#### Records
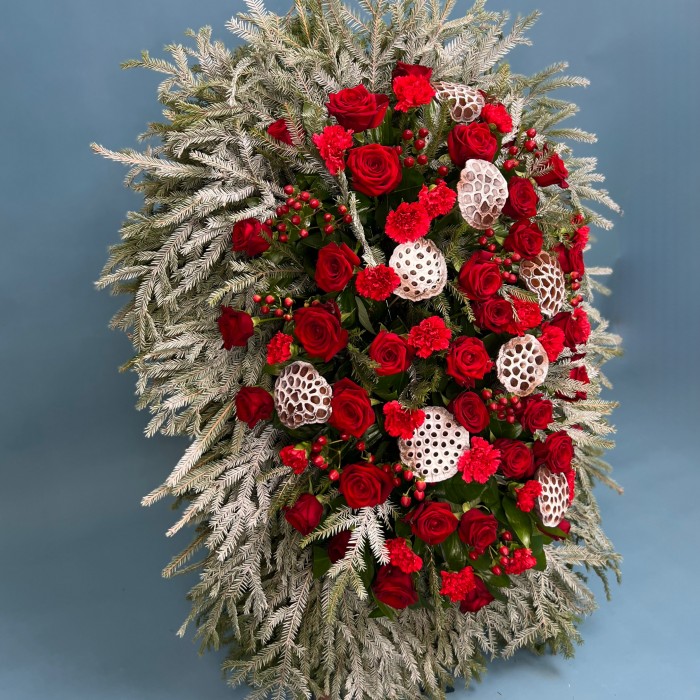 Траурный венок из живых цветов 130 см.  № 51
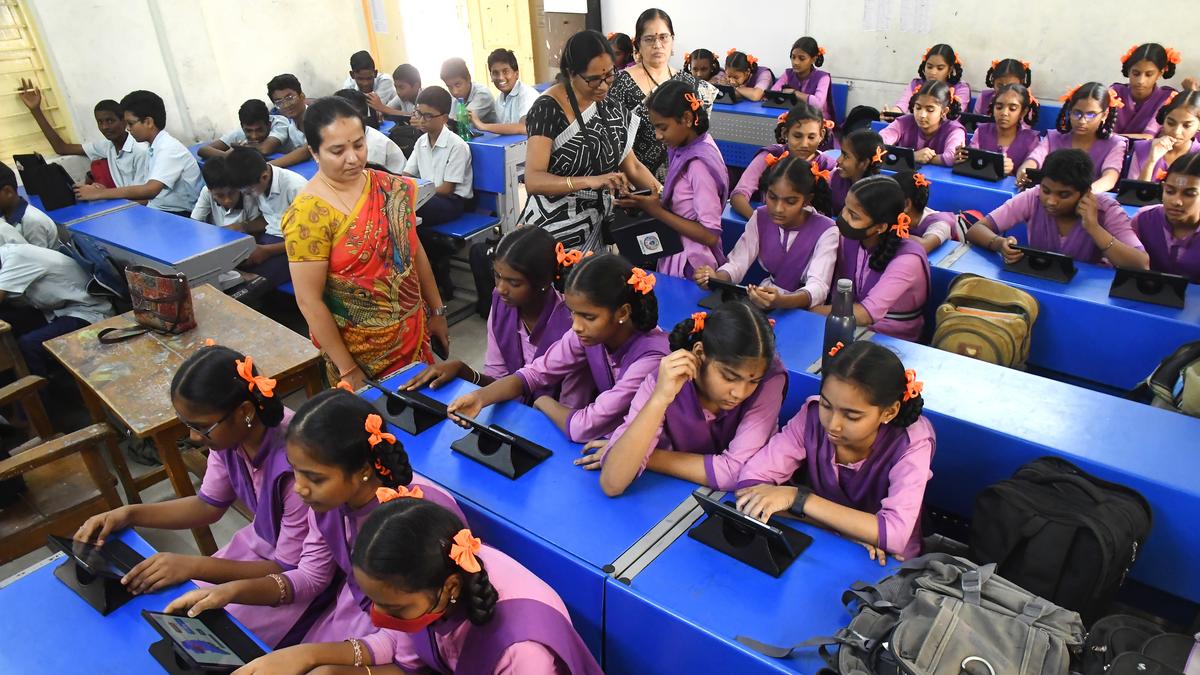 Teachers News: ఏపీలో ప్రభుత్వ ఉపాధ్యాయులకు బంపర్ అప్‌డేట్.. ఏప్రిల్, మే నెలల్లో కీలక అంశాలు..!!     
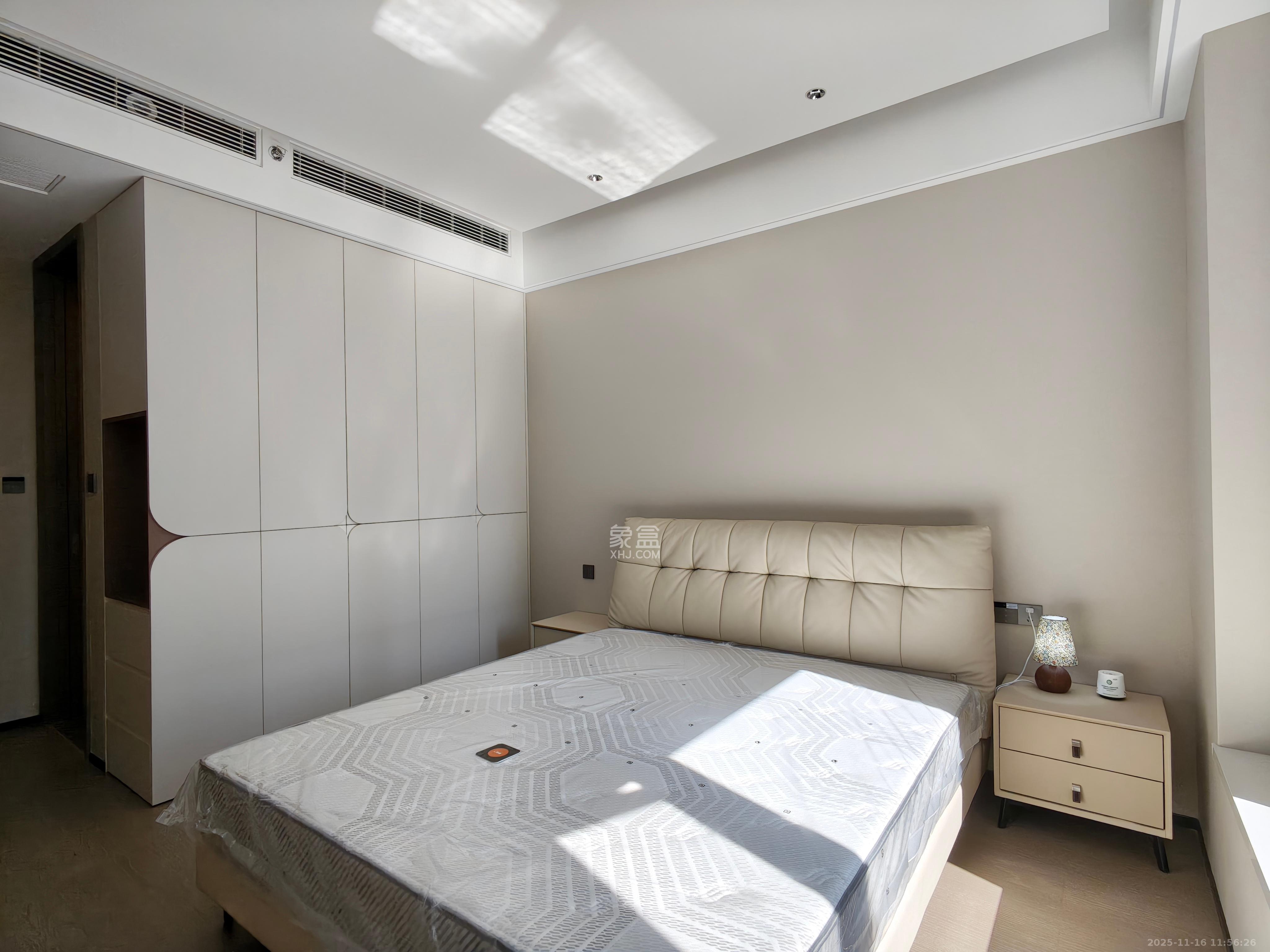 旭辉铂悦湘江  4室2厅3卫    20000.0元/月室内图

--

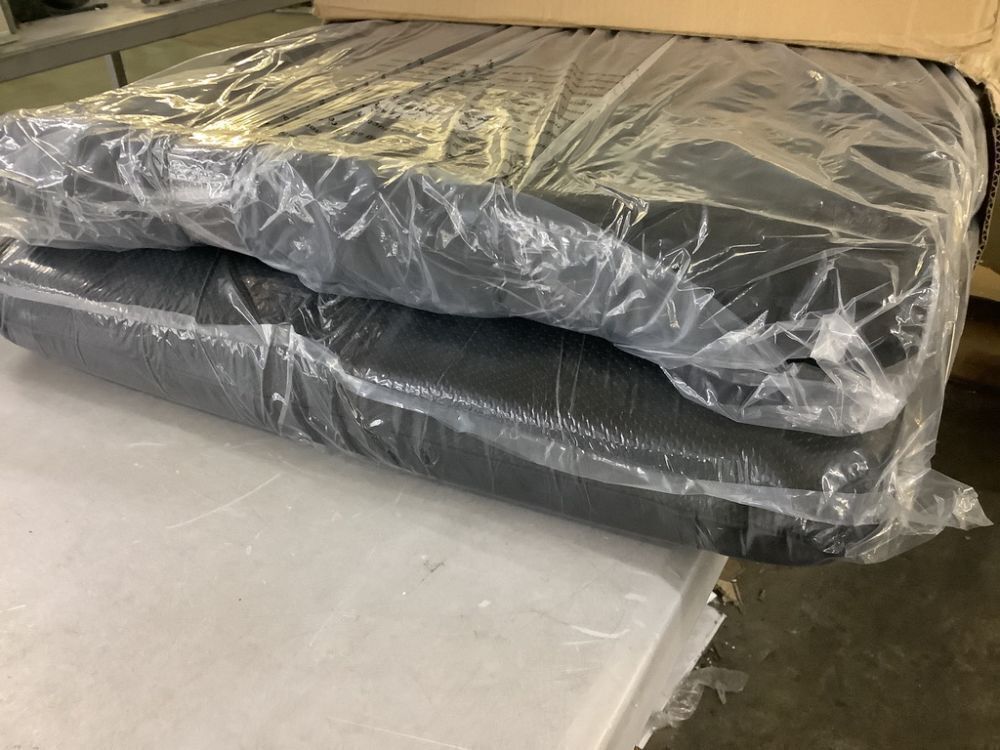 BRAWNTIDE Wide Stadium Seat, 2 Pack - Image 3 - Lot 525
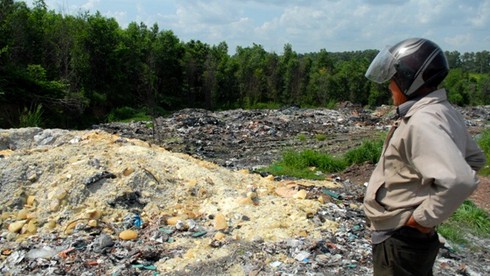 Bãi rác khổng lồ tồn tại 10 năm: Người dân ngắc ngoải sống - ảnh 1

#### About this task
Give back, exactly and without pictures, the stretch of the records above from the line containing "BRAWNTIDE Wide Stadium" through the line containing "Bãi rác khổng", with both end lines included.

#### Result below
 BRAWNTIDE Wide Stadium Seat, 2 Pack - Image 3 - Lot 525
 Bãi rác khổng lồ tồn tại 10 năm: Người dân ngắc ngoải sống - ảnh 1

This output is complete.